On 29 and 30 September 1941, Ukrainian auxiliary police took about 33 000 Jews to be murdered by German soldiers in the Babi Yar patchwork of ravines on the margins of the Ukrainian capital.
During his speech, Netanyahu, whose previous visit to Ukraine as prime minister was in 1999, praised Ukrainian non-Jews who risked their lives to save Jews from the Holocaust.
But he also addressed in several places in his speech the role Nazi collaborators had in the Holocaust, which is a highly sensitive subject in Ukraine.
After mentioning how the Holocaust was carried out by “the Nazis and their collaborators”, Netanyahu said that “with one swipe of their sword, the Nazis and their partners ended a thousand years” of coexistence between Jews and Ukrainians.

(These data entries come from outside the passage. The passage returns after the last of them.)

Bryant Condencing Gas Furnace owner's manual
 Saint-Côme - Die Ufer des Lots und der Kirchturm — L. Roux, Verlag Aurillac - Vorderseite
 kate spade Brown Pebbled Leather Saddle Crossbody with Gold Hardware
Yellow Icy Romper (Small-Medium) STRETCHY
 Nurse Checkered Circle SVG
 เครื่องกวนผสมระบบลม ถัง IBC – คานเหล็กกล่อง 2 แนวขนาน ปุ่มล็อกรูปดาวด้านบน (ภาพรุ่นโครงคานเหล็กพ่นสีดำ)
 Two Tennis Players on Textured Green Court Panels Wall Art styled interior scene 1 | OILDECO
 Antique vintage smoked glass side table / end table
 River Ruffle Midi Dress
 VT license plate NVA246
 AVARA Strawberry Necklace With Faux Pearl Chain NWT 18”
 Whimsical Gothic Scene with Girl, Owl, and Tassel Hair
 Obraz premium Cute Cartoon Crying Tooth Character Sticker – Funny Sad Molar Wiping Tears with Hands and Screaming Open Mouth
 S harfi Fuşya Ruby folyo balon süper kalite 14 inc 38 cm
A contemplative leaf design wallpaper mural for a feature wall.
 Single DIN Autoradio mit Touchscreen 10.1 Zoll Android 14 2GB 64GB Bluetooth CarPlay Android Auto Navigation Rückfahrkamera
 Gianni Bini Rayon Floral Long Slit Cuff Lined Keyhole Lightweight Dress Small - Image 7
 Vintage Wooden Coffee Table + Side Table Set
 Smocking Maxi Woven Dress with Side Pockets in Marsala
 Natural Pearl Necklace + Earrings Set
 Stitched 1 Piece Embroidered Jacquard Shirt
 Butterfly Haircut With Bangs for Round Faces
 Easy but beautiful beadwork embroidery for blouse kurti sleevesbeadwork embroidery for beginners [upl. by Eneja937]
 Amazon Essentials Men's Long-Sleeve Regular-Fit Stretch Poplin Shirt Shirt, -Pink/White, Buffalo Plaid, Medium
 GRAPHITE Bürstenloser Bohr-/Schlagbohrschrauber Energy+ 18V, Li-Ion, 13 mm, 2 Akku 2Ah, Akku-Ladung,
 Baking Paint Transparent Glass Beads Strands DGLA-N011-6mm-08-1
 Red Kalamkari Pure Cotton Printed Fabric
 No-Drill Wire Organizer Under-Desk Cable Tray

The murder at Babi Yar “didn’t happen on a different planet, but minutes away from Kiev’s bustling centre. The murders of Babi Yar by the Nazis and their collaborators prepared for the murder of the Jews of Ukraine,” Netanyahu said.
In recent years, Ukraine has experienced several major controversies over state honours and other honours for people who fought alongside the Nazis against the Soviets.
Netanyahu has mentioned collaborators in past commemoration speeches, but he doesn’t always do so. In his 2016 Holocaust Day speech, for example, he didn’t mention collaborators in spite of mentioning the Nazis 11 times.
“To humanity, Babi Yar is a warning sign,” Netanyahu said. “To Jews, it’s a timeless command. We’ll always defend ourselves by our own force against any enemy.”
Zelensky, a former comedian who won the presidency last month, expressed admiration for Israel’s defense capabilities during his swearing-in speech in May. “We must become Icelanders in soccer, Israelis in defending our land, Japanese in technology,” he said.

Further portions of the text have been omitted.